Lärm, Abgase und wackelnde Wände – bei den Anwohnern der Hummelsbütteler Landstraße in Hamburg-Fuhlsbüttel liegen die Nerven blank. Seit Jahren kämpfen sie dafür, dass an der viel befahrenen Straße einheitlich Tempo 30 eingeführt wird. Die Bürgerinitiative „HuLa 30“ hat mittlerweile mehr als 600 Mitglieder und wird vom ADFC unterstützt.
Denn an der „HuLa“ verunglücken auch immer wieder Radfahrer. Die Initiative nennt die Straße einen Unfallschwerpunkt – als dieser gilt etwa auch der Lokstedter Steindamm, für den gerade ebenfalls Tempo 30 gefordert wurde.

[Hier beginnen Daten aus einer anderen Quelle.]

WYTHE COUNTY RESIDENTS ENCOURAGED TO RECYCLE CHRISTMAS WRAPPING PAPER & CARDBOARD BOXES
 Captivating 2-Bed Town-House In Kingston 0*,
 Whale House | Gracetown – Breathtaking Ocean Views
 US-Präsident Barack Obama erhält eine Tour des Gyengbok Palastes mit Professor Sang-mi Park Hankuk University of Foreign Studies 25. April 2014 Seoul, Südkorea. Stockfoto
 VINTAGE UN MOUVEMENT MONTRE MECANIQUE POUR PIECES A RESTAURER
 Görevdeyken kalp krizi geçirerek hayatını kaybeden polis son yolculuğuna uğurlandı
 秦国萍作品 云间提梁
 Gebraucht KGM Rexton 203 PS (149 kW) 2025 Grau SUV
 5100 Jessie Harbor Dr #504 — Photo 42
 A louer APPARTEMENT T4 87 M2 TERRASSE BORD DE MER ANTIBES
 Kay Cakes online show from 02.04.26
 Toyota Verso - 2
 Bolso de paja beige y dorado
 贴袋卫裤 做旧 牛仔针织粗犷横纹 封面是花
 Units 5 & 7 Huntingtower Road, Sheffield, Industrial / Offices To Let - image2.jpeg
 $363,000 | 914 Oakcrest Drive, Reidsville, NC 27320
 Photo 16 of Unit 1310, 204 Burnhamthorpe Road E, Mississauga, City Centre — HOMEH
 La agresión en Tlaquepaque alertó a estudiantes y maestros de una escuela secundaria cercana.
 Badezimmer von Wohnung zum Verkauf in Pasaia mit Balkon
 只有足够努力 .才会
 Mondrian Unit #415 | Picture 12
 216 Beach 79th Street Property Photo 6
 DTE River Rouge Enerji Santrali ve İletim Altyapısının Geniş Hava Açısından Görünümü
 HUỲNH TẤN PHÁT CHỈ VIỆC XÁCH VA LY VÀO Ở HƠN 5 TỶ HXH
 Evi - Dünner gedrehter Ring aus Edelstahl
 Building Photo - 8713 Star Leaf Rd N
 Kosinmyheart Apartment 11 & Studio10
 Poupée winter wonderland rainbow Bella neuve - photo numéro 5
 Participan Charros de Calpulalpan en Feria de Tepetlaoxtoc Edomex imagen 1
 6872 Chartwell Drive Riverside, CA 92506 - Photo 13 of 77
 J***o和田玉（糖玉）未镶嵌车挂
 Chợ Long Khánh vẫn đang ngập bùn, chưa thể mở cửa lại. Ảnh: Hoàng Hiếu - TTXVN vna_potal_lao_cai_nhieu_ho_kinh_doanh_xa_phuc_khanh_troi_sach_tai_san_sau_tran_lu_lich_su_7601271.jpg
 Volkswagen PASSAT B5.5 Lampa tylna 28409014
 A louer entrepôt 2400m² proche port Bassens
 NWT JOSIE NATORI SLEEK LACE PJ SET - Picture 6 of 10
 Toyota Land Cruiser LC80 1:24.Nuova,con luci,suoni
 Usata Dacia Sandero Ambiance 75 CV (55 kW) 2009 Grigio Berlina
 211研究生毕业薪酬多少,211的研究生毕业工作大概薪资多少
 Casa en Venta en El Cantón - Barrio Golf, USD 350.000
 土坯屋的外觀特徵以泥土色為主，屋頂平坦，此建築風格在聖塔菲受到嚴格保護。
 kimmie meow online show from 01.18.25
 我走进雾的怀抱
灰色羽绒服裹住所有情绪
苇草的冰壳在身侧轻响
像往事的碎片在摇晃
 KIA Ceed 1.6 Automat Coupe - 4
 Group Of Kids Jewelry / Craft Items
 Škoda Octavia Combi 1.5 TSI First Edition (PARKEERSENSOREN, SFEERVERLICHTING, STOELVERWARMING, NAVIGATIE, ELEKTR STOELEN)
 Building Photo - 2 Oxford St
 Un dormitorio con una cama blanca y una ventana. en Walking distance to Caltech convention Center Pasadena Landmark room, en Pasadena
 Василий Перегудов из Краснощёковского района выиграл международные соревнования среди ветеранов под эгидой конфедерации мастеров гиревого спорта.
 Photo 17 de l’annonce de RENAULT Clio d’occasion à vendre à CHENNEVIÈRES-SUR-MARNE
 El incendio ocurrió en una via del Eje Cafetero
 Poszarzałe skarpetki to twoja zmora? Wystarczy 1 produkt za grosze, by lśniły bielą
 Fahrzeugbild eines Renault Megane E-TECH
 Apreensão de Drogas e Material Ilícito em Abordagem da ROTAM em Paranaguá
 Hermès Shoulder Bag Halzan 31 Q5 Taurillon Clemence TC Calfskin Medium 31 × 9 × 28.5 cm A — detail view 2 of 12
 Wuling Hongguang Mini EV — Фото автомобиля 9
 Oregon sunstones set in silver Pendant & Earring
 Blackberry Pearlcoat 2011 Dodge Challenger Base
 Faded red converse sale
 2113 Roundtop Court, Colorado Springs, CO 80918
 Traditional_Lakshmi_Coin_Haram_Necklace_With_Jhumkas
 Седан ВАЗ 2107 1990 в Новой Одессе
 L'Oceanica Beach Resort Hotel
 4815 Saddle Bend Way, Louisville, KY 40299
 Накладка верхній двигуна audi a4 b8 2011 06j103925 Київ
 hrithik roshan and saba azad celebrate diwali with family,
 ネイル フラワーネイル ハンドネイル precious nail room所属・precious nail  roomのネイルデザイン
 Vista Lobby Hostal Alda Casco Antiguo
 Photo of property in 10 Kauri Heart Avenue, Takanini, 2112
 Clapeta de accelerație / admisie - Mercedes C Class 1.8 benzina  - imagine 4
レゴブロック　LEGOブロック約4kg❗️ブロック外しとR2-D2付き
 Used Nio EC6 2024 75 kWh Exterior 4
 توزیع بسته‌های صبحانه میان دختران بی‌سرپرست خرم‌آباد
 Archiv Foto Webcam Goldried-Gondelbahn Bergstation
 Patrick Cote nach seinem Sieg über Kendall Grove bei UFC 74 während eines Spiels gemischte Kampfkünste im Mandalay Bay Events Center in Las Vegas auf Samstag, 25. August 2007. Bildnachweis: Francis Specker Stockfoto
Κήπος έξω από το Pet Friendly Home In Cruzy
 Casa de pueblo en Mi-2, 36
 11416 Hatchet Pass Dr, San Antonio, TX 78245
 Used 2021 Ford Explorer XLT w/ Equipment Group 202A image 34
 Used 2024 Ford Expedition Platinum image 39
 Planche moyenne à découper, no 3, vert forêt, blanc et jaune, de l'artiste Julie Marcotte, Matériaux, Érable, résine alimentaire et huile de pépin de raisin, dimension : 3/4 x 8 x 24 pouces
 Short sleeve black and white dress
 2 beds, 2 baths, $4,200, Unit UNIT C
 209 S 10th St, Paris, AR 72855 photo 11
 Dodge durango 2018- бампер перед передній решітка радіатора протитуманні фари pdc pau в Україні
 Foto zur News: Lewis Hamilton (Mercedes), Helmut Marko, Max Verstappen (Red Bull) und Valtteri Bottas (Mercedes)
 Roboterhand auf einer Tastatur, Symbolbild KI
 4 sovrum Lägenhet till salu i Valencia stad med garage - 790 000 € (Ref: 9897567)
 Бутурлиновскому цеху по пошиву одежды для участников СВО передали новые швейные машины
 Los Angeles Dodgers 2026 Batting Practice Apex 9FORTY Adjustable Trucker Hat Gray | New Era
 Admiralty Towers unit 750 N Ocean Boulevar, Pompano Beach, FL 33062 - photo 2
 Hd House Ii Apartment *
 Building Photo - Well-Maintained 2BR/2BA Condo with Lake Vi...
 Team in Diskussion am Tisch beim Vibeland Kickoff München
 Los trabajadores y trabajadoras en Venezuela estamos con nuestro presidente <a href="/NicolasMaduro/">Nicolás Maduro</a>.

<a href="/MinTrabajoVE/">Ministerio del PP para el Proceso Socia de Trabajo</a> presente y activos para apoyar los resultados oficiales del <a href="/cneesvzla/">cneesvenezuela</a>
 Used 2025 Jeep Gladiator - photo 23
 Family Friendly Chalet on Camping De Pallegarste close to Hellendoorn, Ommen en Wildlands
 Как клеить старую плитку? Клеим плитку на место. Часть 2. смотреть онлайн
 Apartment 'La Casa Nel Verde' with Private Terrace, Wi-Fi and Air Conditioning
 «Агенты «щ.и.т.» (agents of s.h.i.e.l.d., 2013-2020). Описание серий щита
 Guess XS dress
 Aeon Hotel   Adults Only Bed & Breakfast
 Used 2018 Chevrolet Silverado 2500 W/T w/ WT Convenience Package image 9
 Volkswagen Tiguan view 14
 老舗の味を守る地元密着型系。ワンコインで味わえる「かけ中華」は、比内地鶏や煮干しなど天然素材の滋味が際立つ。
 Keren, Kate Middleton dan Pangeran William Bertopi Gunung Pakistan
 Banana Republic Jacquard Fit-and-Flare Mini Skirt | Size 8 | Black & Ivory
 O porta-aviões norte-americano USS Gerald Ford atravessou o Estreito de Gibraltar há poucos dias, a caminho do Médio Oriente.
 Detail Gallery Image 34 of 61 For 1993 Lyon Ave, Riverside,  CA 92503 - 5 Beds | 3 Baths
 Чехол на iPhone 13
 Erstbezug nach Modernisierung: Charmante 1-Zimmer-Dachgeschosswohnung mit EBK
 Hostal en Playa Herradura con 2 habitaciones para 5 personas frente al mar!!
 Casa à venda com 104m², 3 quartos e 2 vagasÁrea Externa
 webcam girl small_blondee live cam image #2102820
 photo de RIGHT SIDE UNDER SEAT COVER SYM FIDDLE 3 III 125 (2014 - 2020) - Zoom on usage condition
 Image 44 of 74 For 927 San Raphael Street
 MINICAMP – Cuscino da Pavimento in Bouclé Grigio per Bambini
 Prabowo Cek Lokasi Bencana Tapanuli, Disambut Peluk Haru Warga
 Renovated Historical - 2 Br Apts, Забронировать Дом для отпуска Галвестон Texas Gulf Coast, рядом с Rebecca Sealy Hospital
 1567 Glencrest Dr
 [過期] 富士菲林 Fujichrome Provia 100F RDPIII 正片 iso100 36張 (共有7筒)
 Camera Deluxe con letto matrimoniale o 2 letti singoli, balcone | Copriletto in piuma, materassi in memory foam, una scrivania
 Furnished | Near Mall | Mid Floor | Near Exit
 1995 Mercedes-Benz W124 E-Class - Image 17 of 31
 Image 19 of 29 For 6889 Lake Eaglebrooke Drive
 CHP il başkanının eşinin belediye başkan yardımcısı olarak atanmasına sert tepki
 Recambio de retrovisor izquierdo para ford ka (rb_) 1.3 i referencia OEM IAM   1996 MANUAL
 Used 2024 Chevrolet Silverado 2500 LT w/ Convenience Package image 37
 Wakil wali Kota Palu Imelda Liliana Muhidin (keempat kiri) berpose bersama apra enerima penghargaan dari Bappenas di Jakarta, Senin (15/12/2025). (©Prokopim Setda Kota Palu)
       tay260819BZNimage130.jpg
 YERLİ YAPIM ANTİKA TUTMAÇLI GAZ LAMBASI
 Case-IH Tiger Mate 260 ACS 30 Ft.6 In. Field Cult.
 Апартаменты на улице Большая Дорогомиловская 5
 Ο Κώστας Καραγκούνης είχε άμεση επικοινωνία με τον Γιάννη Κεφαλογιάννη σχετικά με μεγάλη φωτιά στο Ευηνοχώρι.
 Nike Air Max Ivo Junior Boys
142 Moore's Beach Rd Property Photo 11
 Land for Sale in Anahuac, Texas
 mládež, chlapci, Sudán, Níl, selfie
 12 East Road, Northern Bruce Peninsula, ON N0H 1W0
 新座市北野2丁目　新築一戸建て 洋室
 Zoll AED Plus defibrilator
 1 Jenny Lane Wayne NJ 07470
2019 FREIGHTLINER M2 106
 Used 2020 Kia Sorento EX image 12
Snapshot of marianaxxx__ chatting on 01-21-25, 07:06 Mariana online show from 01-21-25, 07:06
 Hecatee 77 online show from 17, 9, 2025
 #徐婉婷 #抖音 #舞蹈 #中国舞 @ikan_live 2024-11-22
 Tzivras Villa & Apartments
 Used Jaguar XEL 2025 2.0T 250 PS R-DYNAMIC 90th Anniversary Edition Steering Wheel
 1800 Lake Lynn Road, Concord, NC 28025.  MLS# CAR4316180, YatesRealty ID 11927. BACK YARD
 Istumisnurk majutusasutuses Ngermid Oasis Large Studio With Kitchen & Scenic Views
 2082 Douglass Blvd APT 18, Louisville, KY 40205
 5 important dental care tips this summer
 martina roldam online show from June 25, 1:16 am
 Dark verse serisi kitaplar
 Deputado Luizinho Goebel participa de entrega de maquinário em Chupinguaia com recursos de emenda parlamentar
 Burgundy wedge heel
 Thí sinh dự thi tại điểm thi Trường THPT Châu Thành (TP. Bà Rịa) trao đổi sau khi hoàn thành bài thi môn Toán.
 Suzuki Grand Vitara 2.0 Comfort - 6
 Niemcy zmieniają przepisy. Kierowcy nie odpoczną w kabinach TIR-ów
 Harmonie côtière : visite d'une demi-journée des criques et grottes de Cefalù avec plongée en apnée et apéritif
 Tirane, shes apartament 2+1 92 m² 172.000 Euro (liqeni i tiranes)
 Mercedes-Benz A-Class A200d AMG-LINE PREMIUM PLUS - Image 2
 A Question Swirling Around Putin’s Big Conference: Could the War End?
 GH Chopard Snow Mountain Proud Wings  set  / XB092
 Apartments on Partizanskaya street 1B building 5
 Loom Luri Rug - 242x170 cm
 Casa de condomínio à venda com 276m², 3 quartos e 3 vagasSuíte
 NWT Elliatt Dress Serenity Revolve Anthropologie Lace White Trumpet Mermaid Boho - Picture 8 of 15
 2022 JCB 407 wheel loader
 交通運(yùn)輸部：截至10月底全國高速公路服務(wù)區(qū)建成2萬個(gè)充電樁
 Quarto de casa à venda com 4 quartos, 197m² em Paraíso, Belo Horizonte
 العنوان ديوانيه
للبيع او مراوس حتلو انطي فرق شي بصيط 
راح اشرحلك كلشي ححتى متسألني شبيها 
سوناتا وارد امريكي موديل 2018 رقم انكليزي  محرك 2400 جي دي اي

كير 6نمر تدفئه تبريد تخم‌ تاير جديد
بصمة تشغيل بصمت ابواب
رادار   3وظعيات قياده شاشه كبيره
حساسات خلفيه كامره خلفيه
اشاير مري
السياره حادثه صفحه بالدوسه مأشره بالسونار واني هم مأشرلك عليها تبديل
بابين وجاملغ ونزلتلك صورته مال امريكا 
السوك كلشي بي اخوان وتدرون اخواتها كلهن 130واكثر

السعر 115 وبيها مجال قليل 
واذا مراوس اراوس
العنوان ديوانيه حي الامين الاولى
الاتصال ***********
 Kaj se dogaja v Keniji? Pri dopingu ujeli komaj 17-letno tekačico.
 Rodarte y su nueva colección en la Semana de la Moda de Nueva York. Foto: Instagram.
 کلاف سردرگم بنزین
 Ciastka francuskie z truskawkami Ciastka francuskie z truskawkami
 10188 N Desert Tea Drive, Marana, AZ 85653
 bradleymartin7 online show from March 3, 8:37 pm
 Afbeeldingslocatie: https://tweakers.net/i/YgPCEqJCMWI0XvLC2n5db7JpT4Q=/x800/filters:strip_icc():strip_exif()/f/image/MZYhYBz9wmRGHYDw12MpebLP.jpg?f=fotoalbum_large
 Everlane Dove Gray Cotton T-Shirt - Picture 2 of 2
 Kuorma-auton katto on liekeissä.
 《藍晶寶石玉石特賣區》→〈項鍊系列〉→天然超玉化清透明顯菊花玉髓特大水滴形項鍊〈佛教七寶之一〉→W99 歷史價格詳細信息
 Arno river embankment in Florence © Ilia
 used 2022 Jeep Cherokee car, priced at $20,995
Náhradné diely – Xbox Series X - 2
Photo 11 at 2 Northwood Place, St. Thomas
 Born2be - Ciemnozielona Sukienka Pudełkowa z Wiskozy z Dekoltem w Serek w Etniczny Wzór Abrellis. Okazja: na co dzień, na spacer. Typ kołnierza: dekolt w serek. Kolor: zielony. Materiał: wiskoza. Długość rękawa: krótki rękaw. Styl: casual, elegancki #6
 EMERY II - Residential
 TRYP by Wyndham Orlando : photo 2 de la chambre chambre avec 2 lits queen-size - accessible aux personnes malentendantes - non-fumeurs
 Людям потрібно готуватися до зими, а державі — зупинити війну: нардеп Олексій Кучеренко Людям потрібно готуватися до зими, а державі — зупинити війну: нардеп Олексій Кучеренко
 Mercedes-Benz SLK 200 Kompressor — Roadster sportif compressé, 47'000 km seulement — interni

Hamburg-Fuhlsbüttel: Verzweifelte Anwohner fordern Tempo 30
Pro Tag fahren etwa 20.000 Fahrzeuge durch die Hummelsbütteler Landstraße, davon mehr als 1200 teils schwer beladene Lastwagen sowie zusätzlich Busse des HVV, die auch nachts zum Busdepot am Lademannbogen fahren. Dann würden in dem Haus, in dem er mit seiner Familie lebt, die Wände wackeln, sagt Miguel Castro Frenzel, der seit fünf Jahren an der Einfallstraße wohnt.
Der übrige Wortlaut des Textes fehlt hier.